Scan the records and identify every line in which the string "your" occurs, then return those lines.
══════
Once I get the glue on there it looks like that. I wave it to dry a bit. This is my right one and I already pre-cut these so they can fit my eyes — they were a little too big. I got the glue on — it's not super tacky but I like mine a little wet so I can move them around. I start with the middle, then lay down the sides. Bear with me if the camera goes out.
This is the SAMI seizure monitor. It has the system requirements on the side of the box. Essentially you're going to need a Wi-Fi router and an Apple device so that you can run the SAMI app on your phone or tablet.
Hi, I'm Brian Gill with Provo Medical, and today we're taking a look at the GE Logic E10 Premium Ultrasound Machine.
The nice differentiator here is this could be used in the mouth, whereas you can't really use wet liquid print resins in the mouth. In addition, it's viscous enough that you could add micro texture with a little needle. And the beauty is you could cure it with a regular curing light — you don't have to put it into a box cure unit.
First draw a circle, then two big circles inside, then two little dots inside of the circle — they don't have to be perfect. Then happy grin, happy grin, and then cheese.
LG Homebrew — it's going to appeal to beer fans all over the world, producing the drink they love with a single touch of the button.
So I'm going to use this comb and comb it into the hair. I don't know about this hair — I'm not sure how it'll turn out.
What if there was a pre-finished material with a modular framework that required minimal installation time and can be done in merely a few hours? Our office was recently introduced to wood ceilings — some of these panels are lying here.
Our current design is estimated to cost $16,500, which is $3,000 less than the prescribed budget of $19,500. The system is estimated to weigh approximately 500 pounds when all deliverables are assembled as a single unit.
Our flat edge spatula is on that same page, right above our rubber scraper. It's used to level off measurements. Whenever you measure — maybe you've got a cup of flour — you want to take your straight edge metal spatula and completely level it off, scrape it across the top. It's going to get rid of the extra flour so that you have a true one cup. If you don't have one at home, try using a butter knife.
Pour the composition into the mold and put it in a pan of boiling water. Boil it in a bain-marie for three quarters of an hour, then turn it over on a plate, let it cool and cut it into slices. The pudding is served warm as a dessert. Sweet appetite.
══════
• [WRITTEN ANSWER]:
This is the SAMI seizure monitor. It has the system requirements on the side of the box. Essentially you're going to need a Wi-Fi router and an Apple device so that you can run the SAMI app on your phone or tablet.
Our flat edge spatula is on that same page, right above our rubber scraper. It's used to level off measurements. Whenever you measure — maybe you've got a cup of flour — you want to take your straight edge metal spatula and completely level it off, scrape it across the top. It's going to get rid of the extra flour so that you have a true one cup. If you don't have one at home, try using a butter knife.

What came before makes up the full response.